_TASK REQUIREMENTS_
Pictures in the listing below are skipped, while the lines from the "Moderne Visitenkarte (Vorne/Hinten)" line through the "Wie is John Galt? Romper (Voorkant)" line are returned word for word.

_RECORDS FOR THIS EXERCISE_
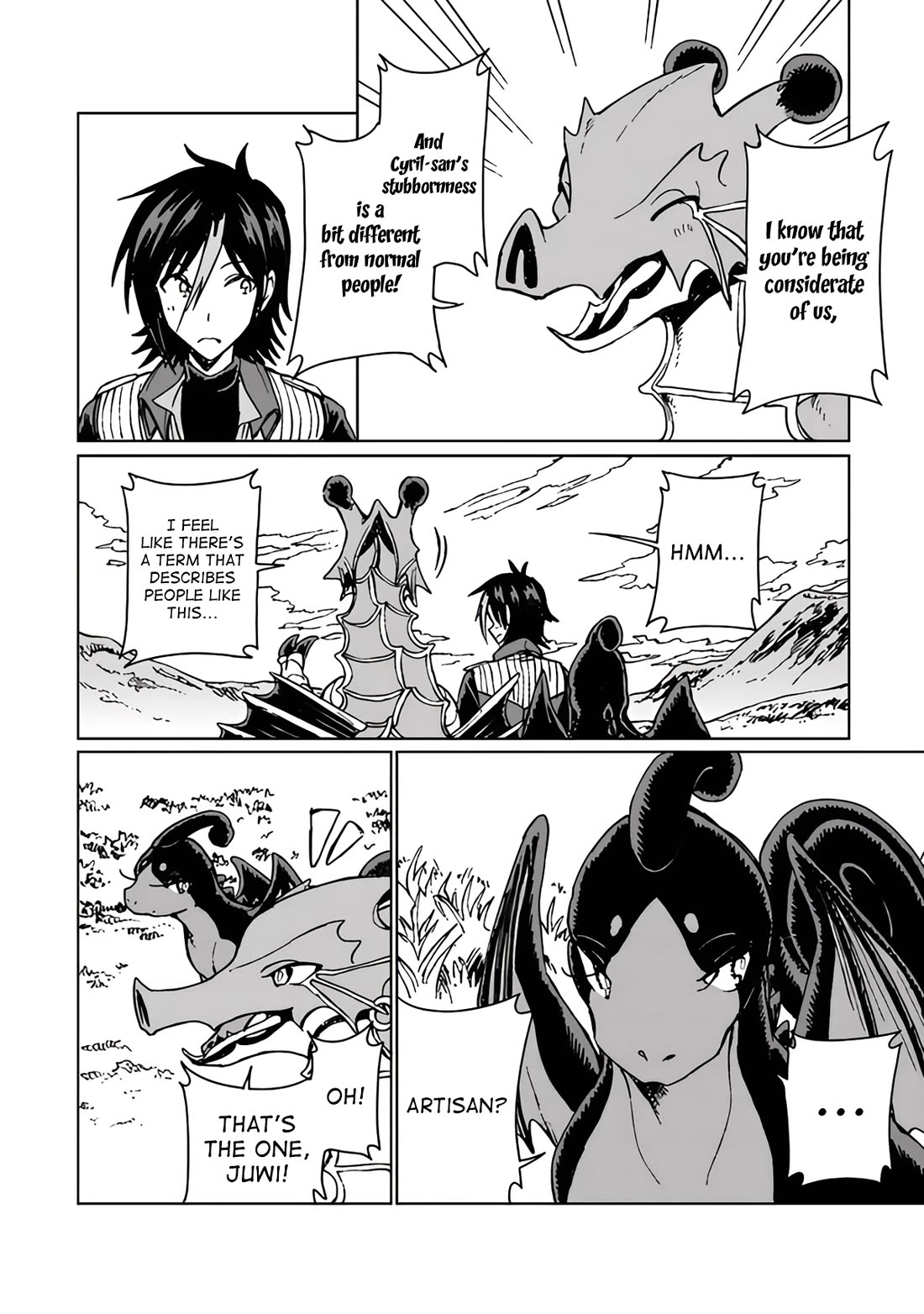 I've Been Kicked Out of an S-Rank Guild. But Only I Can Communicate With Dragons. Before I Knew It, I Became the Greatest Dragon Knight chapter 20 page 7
--
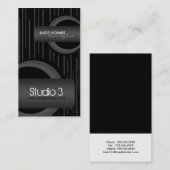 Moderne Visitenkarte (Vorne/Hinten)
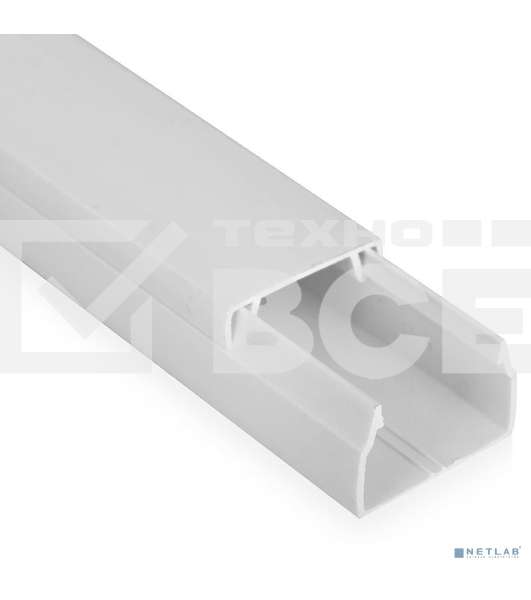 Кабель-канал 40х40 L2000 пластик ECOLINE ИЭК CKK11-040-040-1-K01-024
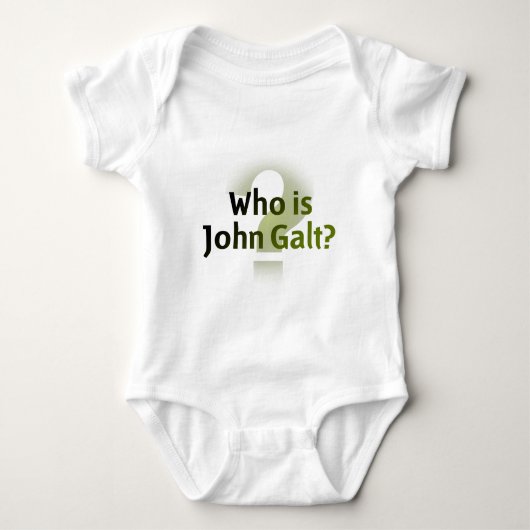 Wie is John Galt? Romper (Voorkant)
* * *
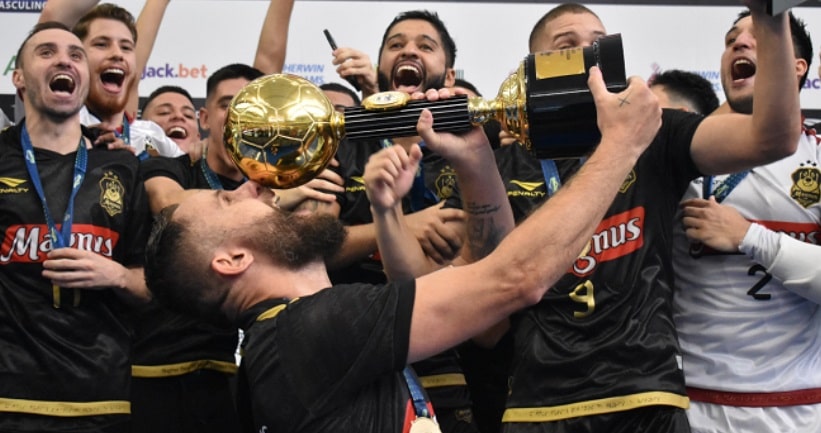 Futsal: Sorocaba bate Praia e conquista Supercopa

_TASK SOLUTION_
 Moderne Visitenkarte (Vorne/Hinten)
 Кабель-канал 40х40 L2000 пластик ECOLINE ИЭК CKK11-040-040-1-K01-024
 Wie is John Galt? Romper (Voorkant)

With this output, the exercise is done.